Amazingly, Williams was the third opponent in Sheeraz’s last four outings to be put down by a single jab, with the youngster’s long, punishing lead hand proving to be perhaps the most dangerous weapon in his arsenal. How much has that been down to the influence of Funez?

“Oh massively,” Sheeraz says. “In my first couple of fights with Ricky I didn’t really use it that much but then for the Jez Smith fight he said to me if you’re fighting these smaller, aggressive guys, you’ve got a good jab, fucking use it.

“I remember that whole camp he drilled me so hard on it. I would go to the gym knowing that’s all I would do – jab jab jab. But it is paying off. We’ve been continuing that and adding a bit more. Ultimately he comes down to my teacher and that’s Ricky so credit to him.

“He has always said to keep it basic. If you look at Michael Jordan, Kobe Bryant, Floyd Mayweather – all these top athletes, if you ask them for their secret they will say basics. Perfect the basics and keep perfecting it and that’s the mentality that Ricky has adopted and now so have I.

“He feels it on the pads and knows what I’m capable of, but I don’t even know what I’m capable of yet. I know I can beat these guys with a jab but I know that the better it gets, the more my opponents will be aware of it. That’s why every camp it has to be that much better.”

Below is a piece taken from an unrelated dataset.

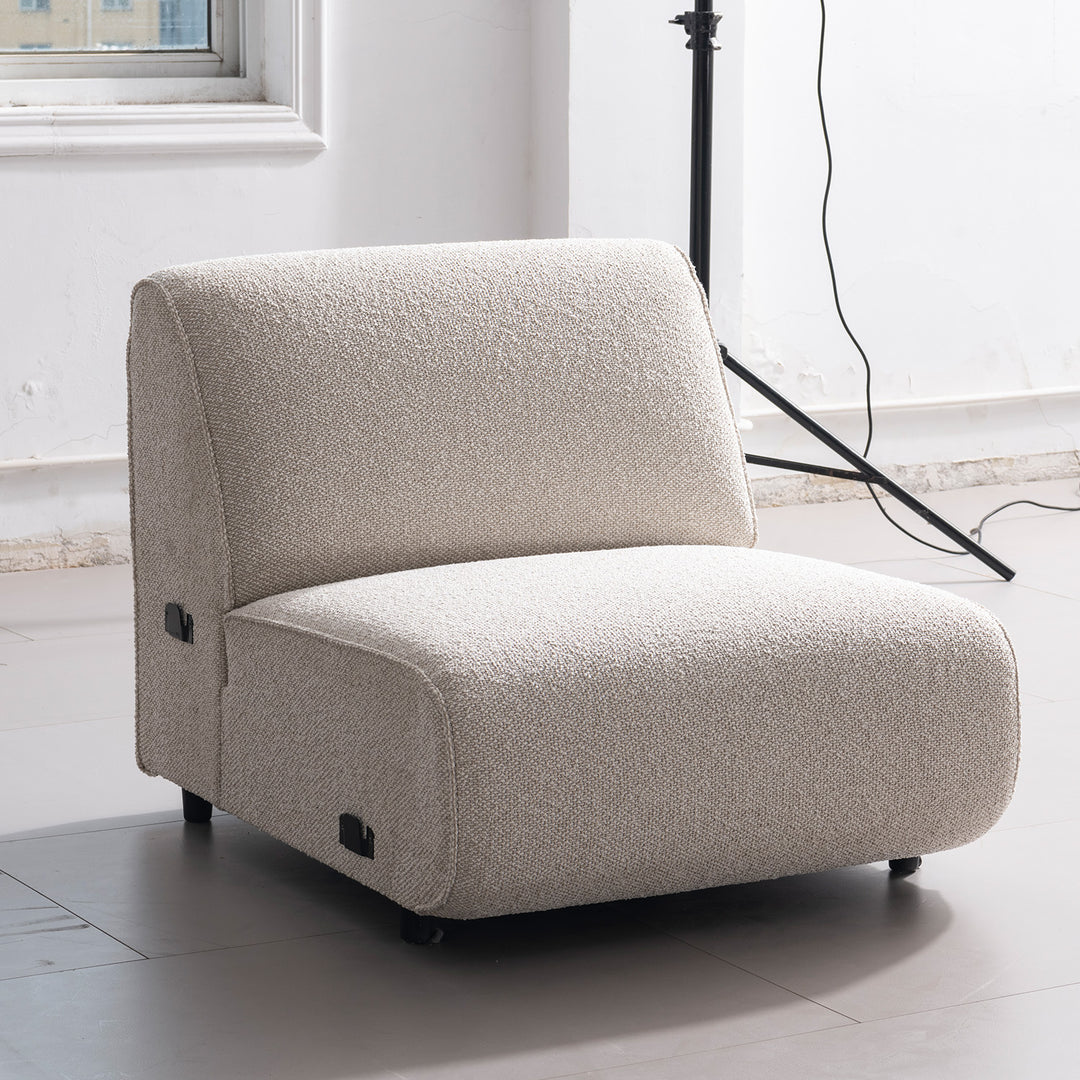 Minimalist boucle fabric modular 4 seater sofa colle environmental situation.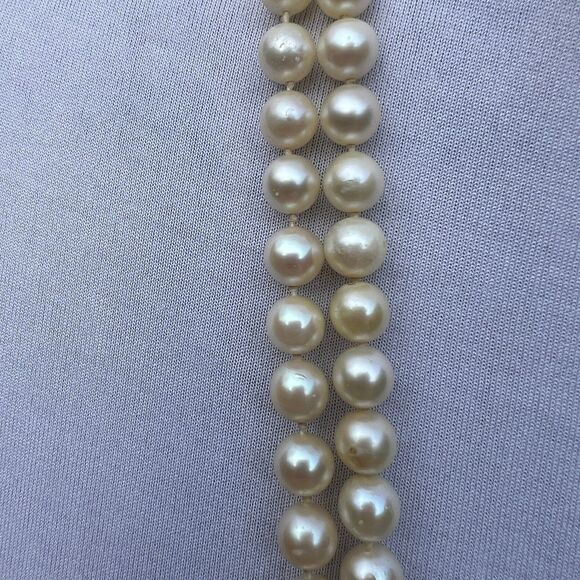 Vintage Pearl double stranded necklace 4mm 8mm - Picture 3 of 9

Given the destruction of Williams, it is almost guaranteed that Sheeraz will face far stiffer competition in his next fight, whether that is Eubank or not. Another name linked is Ammo Williams, the Matchroom middleweight, who could hand him the opportunity to represent Queensberry Promotions in their 5 vs 5 showdown in Saudi Arabia on June 1.

If that is the case, Sheeraz will have to burn the midnight oil during training camp, which would overlap with Ramadan.

“It’s religion first, always, so I’d tailor my training hours so I can continue fasting,” says Sheeraz, of Ramadan, which is expected to run from March 10 until April 9 this year. “I’d do the first two weeks and then start my camp halfway through. It would be a bit difficult but we will make it happen. We would train during the evening hours. If they give me the opportunity on June 1 then I’m not going to say no.”

After all, Sheeraz does not need a break: he’s warmed up, in the zone and ready to roll.